There was a post on here, maybe by @Mark Oomkes or
@cretebaby or someone, but it was something along the lines of the bigger the machine, the higher the hours that would be acceptable.


----------



## Kvston (Nov 30, 2019)

Service records and a diesel tech inspection. Big outfit I chat with purchases former municipal machines only with full records and after a tech inspection. Not a guarantee, but served them fairly well over the years.

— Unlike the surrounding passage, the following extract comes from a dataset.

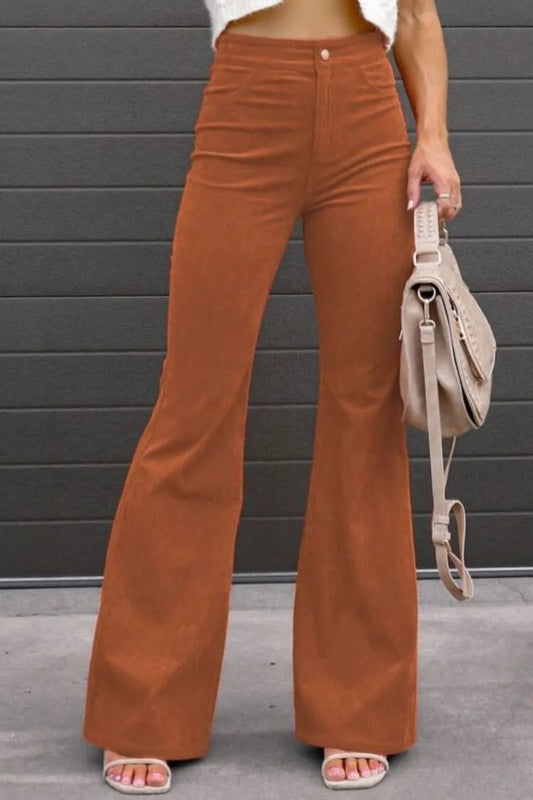 Full Size Hight Waist Bootcut Pants | Deb Shops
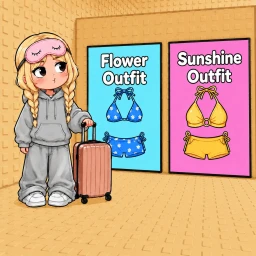 Would You Rather: Vacation Outfit Tower icon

Most of their purchases are Deere and usually have 6-9k hours


----------



## Mark Oomkes (Dec 10, 2000)

It depends....budget, what you can find and condition of the moochine.


----------



## Mark Oomkes (Dec 10, 2000)

First one I bought had 8,000+ hours and didn't need anything before putting it to work. (salt loader)

Second one had 3,000+ hours on it, needed tyres and that was about it. It's pushing an 18' box.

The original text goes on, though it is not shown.